* Problem description:
The whole listing below is to be copied exactly, with every picture left out.

* Data extract:
§ §

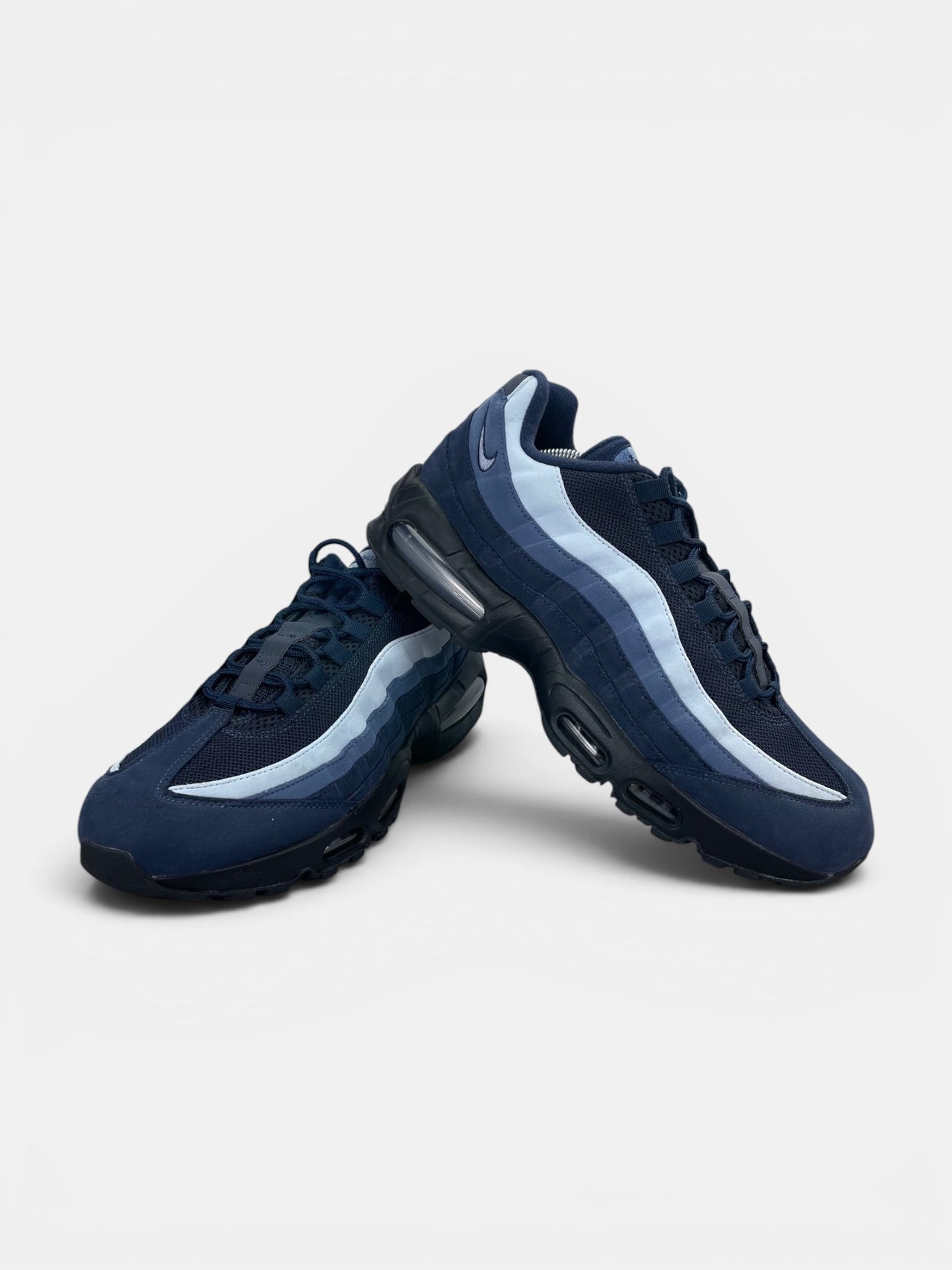 Nike Air Max 95 Obsidian - buty sportowe, boczny profil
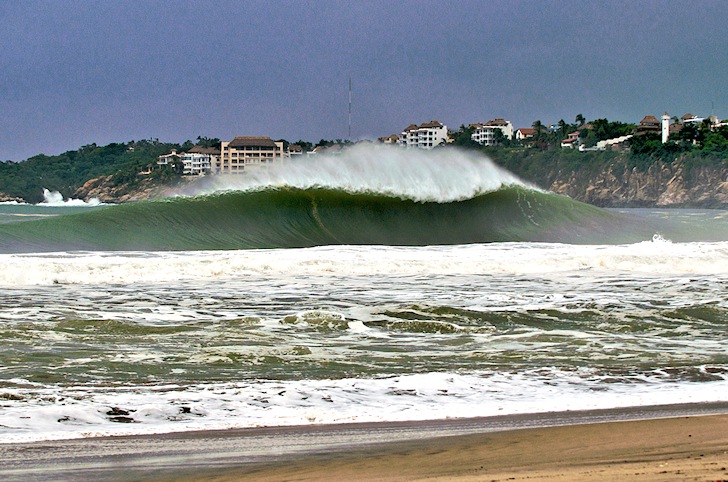Puerto Escondido: a perfect A-frame wave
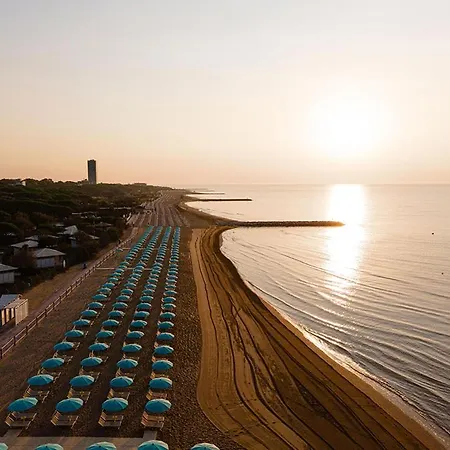 Camping Estivo Premium Deluxe Mobile Homes On Malibu *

§ §

* Solution for this exercise:
 Nike Air Max 95 Obsidian - buty sportowe, boczny profil
Puerto Escondido: a perfect A-frame wave
 Camping Estivo Premium Deluxe Mobile Homes On Malibu *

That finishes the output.